Tuesday, 24 April 2012

Voting NO to JFK

I never thought I would bitterly regret my YES vote for JFK in 1960. I couldn’t even laugh at the cartoon of an older man leading a young lady inside to the tune of “Don’t ask what your country can do for you; ask what you can do for your president!” (The International Herald Tribune, March 15, 2012, p.7.) The sedulous seduction was appalling enough, but JFK’s supervising a blow job on his own whoremaster staggers belief.

That is hubris of an unforgiveable degradation.

I say this as an ex-Catholic who has come to believe that the true cause of my deplorable divorce after only twenty years derived from both our parents’ sexually dysfunctional Catholic marriages: My father fled to Las Vegas with his secretary when I was three and my only sibling Mike, ten. His birth came promptly nine months after my father returned from the AEF in France in1919 to my virgin mother.

And my first wife’s father died an abusive drunk not too long after spending time in Jackson State Prison for fiscal shenanigans in the Detroit Mayor Reading’s administration. Notice neither too much sex (in France) or too little sex in Detroit are confronted only by a Catholic intimate “education” in the confessional. I laugh bitterly decades after fatuous counsel in my adolescent confessions.

Celibates are bad enough when they know nothing. They are abominable when pedaphilic. The same ignorant celibate “authorities” who pontificate from their bishoprics about the evil of contraception have been suppressing the evil corruption of innocent young children by “celibate” corruptors. It makes you want to believe in hell.

In Fareed Zacharia’s indispensable “Global Public Square” (CNN, Sundays 9:00 am. EST) for April Fools Day, four diverse voices explored the sexual complexities of the 2012 election. (See their podcast at www.CNN.org/Fareed Zacharia.) JFK’s famous Houston speech to Baptist preachers is exposed for the doubletalk that it was. Catholic doctrine holds that condoms and day after pills are “murder”, diverse interruptions of Nature. And we learn that Roger Williams was protecting minority religions against a manipulating state.

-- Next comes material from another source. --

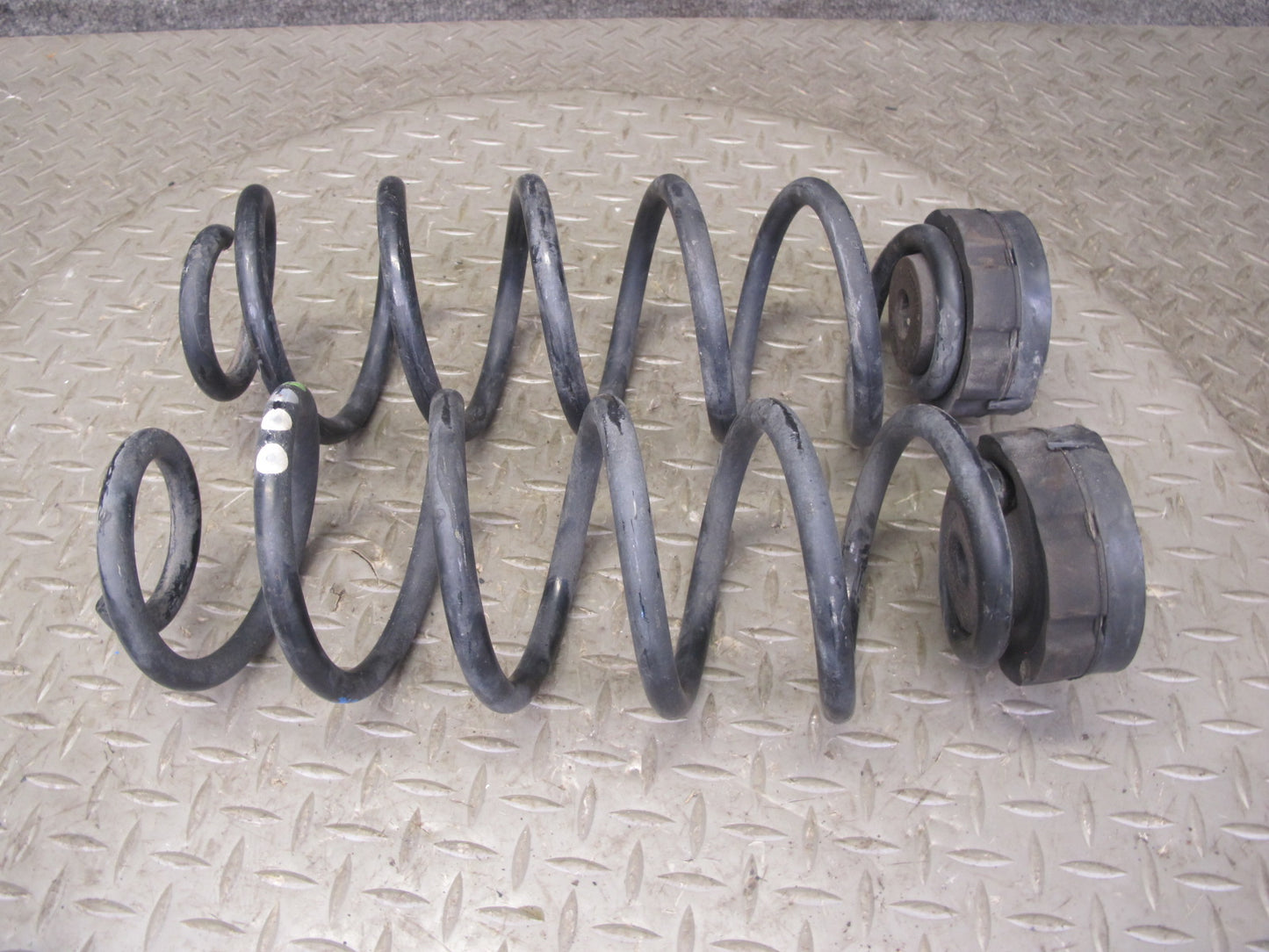 10-16 Audi S4 AWD Rear Left & Right Suspension Coil Spring w Pad Set OEM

Today we are being asked by believers who argue their diverse religions can all contravene the state. The separation of Church and State has been turned upside down. The sanest voice in this discourse was Charles Murray’s, who deplores the way the 1960’s have destroyed a culture of maturity among the working classes. One person can be either heroic or hellish in the raising of children. And he urges the upper middle classes to Preach What They Practice!